London has been rocked by a wave of petty crime with pickpocketing up 38 per cent and shoplifting up 48 per cent in a year, new figures show.
The Met Police and City of London Police recorded 944,823 total offences in the year up to June 2024, a rise of 5 per cent on the previous year, according to data from the Office for National Statistics.
Officers reported 89,879 offences of theft from the person, which covers incidents such as pickpocketing and phone snatching. It is a rise of 38 per cent on the figure recorded in the previous period.
Nearly a third (32.9 per cent) of these offences took place in Westminster, where pickpockets have targeted tourists and families.
Earlier this year, Westminster City councillor Laila Cunningham called for improved CCTV coverage and police patrols in the Queensway area to deter criminals.
London’s most notorious phone snatcher Sonny Stringer, 28, was jailed earlier this year for stealing 24 phones in one morning.
Analysis of data by the Standard reveals:
- Shoplifting offences have increased by 48 per cent in the capital with more than 70,000 incidents recorded in a year
- Overall theft has risen by 10 per cent, with an average of 1,278 theft offences recorded every day
- The number of knife crime offences recorded in London has reached its highest level in 13 years, with 15,859 offences reported
- Violent crimes have seen a small increase of 1 per cent, while 4 per cent less homicides were reported compared with last year
- Drug offences have fallen by 14 per cent compared with last year
London is one of only two regions, including the South West, to have recorded an overall rise in offences in a year. The British Transport Police saw the greatest annual increase in recorded offences of any force, with a rise of 18 per cent.
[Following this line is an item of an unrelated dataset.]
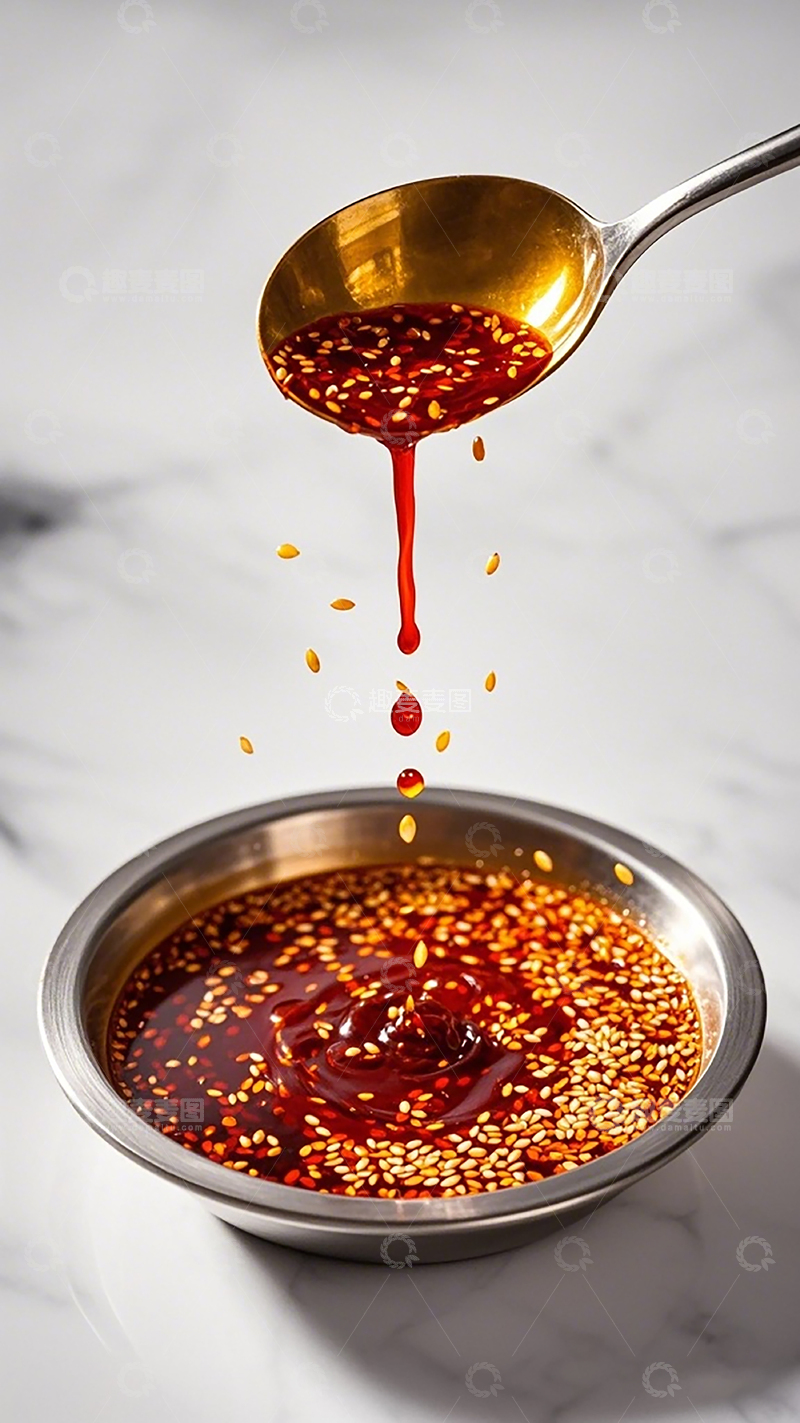 高清大图下载【趣麦麦图】辣椒油特写美食摄影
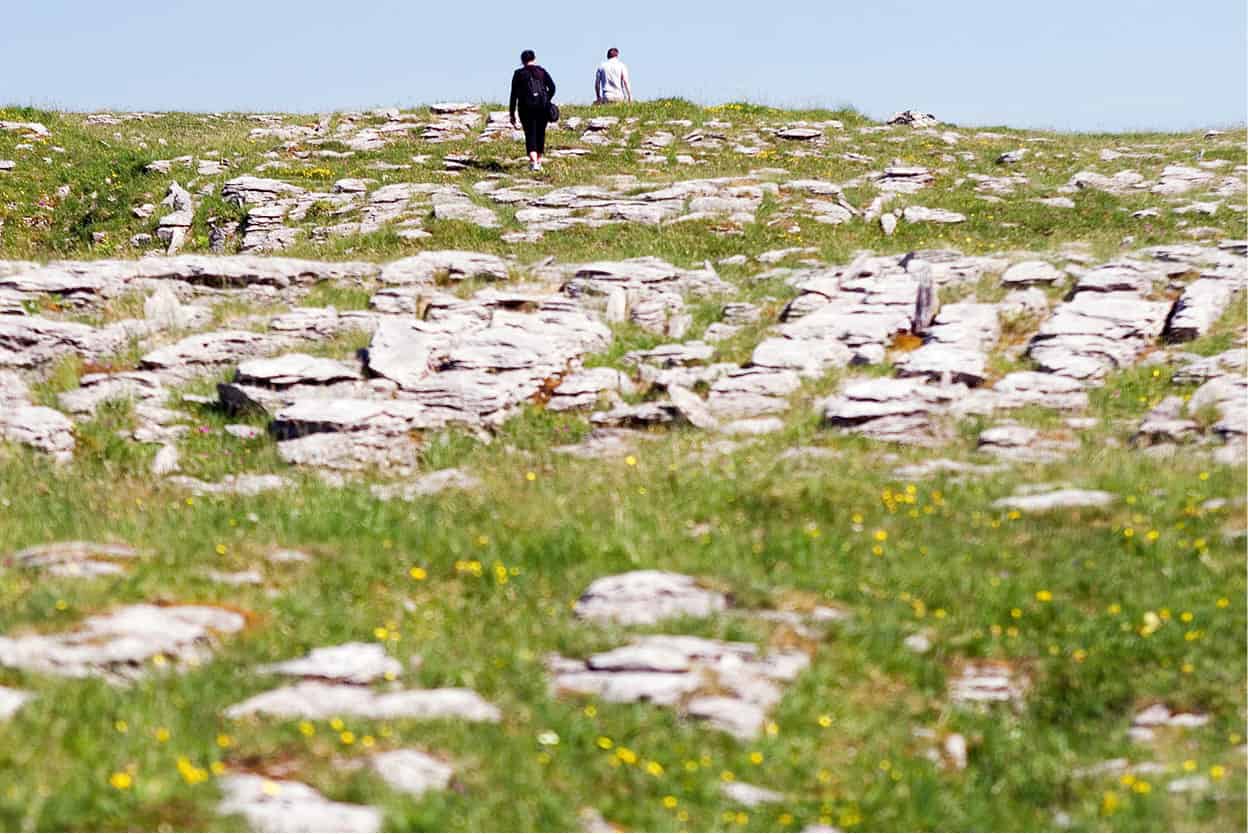 The Burren The moon-like plateau in Co Clare contains ancient tombs and a - photo 9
The number of recorded offences fell in every other region, and decreased nationally by 4 per cent.
Nationally, police forces recorded a 29 per cent rise in shoplifting offences. The total of 469,788 offences is the highest since current records began in the year to March 2003.
Major retailers have recently raised concerns about the increased cost of theft and the Government has vowed to tackle low-level shoplifting and make assaulting a shop worker a specific criminal offence.
Policing minister Dame Diana Johnson said the data showed the “scale of the challenge we have inherited in our mission to make streets safer.”
She added: “Too many town centres have been decimated by record levels of shoplifting, and communities have been left shaken by rising levels of knife crime, snatch theft and robbery. This cannot continue.
“This Government will restore neighbourhood policing across the country, put thousands more dedicated officers out on our streets and scrap the £200 shoplifting threshold, bringing an end to the effective impunity for thieves who steal low value goods.”